Ponte de Espiões (EUA, 2015. Direção: Steven Spielberg) é um filme notável, seguramente. Confesso que, pelo que li sobre a produção, esperava mais. Esperava algo mais adensado e arrojado, com elementos narrativos que trouxessem mais ousadia e menos convencionalismo estético. Mas se trata, afinal, de um blockbuster dramático da melhor estirpe. Não foi uma frustração – bem longe disso. Talvez uma leve quebra de expectativa, mas que não me impede de reconhecer o novo Spielberg como uma ótima experiência cinematográfica.
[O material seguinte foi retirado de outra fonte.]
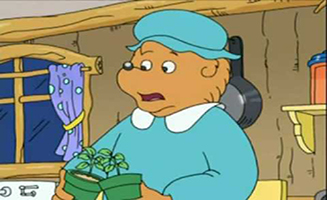 The Berenstain Bears S02E20 Don't Pollute Anymore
Arriscaria dizer que é o trabalho mais expressivo do cineasta na direção desde O Resgate do Soldado Ryan (1997). Depois do historicismo demasiadamente enviesado de Lincoln (2012), a sofrível (caso se compare aos filmes anteriores) sequência de Indiana Jones, além do puritanismo estilizado e o maniqueísmo sentimentaloide e manipulador de Cavalo de Guerra (2011), Spielberg apresenta um drama histórico muito consistente, emocional e deveras instigante de acompanhar.

O filme tem como premissa a história real do advogado de uma grande firma de seguros dos EUA, James Donovan (Tom Hanks), que é escalado para defender um espião soviético pego em solo americano no auge da Guerra Fria, uma tarefa um tanto inglória de se assumir à época. Ele consegue livrar o acusado da pena de morte e, graças a sua habilidade como negociador, tempos mais tarde é chamado para mediar uma troca de prisioneiros depois que um espião americano tem seu avião abatido e é pego pelos soviéticos.
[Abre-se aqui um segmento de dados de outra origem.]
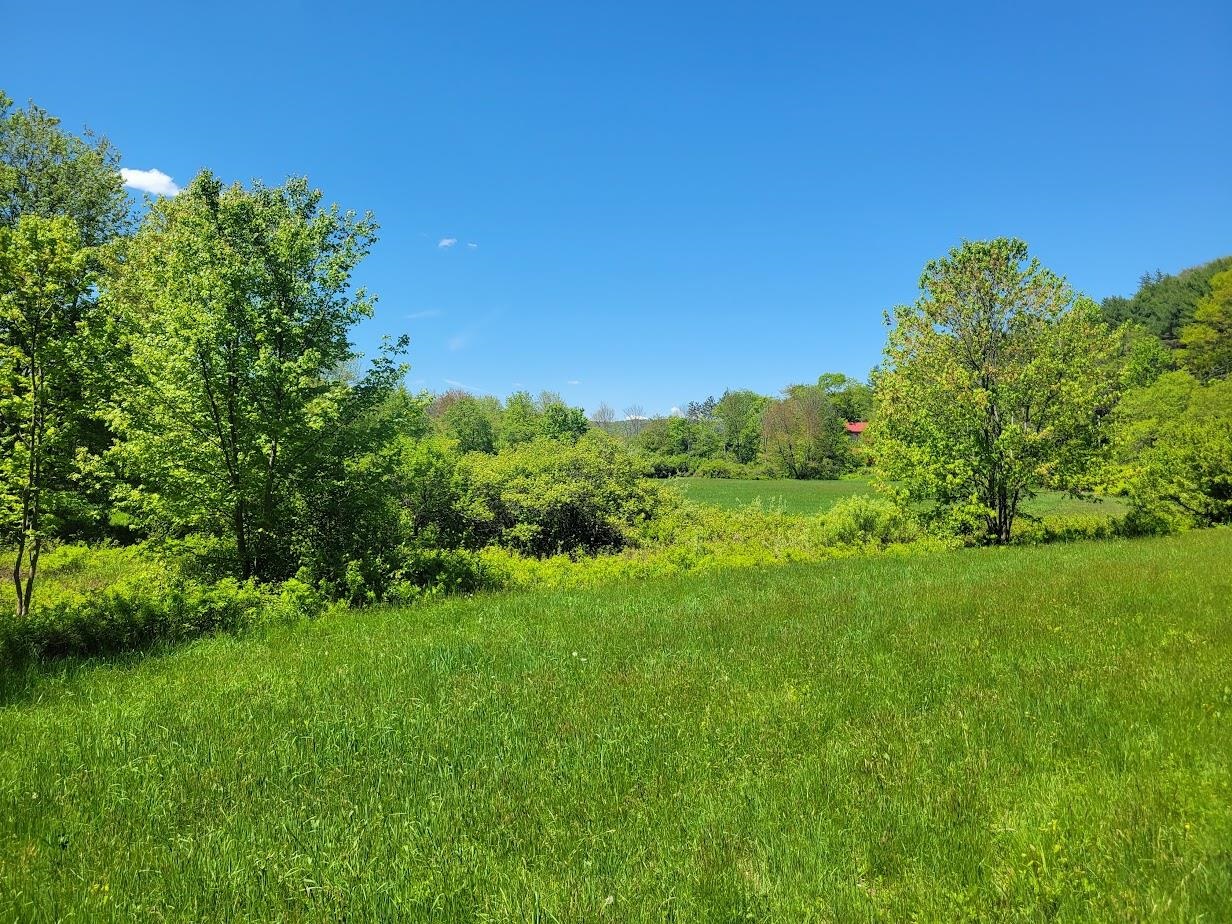Lot91 Eastern District Road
Donavan viaja a Berlin em 1960, período de extrema turbulência política com a construção do muro que dividia as duas Alemanhas, e tenta conciliar um acordo e incluir na troca entre EUA e União Soviética um estudante americano preso por equívoco e usado como bode expiatório pela Alemanha comunista.

Tom Hanks, como de praxe, tem uma performance excepcional e domina o filme. O roteiro é muito bem amarrado e tenta fugir de estereótipos nacionalistas (para os padrões americanos), empregando um viés mais sóbrio e ufanismo reduzido – quase nada, aliais. Tem um foco humanista que permite enxergar a questão política e bélica numa ótica um tanto distanciada de qualquer idealização. Derrapa um pouco de americanismo apenas ao final, numa analogia visual que contrasta cenas de horror soviético a pretensa liberdade americana, numa espécie de epílogo imagético.

A trilha sonora utilizada para compor a atmosfera soviética é um baita clichê, sombria e grandiloquente de um modo muito hiperbólico e já bastante explorado em várias outras produções do gênero. Afora esses detalhes, temos uma obra sem ruídos narrativos, bem conduzida, com sequências cuja visualidade é trabalhada com uma minúcia impressionante: luzes, sombras, planos, contra-planos, contrastes e enquadramentos que revelam nuances dramáticas e colaboram narrativamente, ajudam a contar a história e a realçar seus elementos fortes.

O está elenco afinado, tendo além do usual brilhantismo cênico de Hanks uma performance rica de sutilezas e com uma dramaticidade primorosamente autocontida de Mark Rylance na pele do espião soviético Rudolf Abel. Ele e o advogado Donavan constroem uma improvável camaradagem, que reverberará no desfecho da obra. Tudo se conecta a partir da força das relações humanas e do poder transformador do diálogo, capaz de mobilizar grandes acontecimentos.

Roteiro estupendo e baseado em uma história real, abordagem tocante, dinâmica e inteligente ao mesmo tempo, que fisga o espectador desde o início. Poderia ser melhor em alguns pontos, é verdade, mas cumpre bem sua proposta. É Spielberg em plena forma mostrando (novamente) que é mestre e ainda sabe dirigir grandes filmes.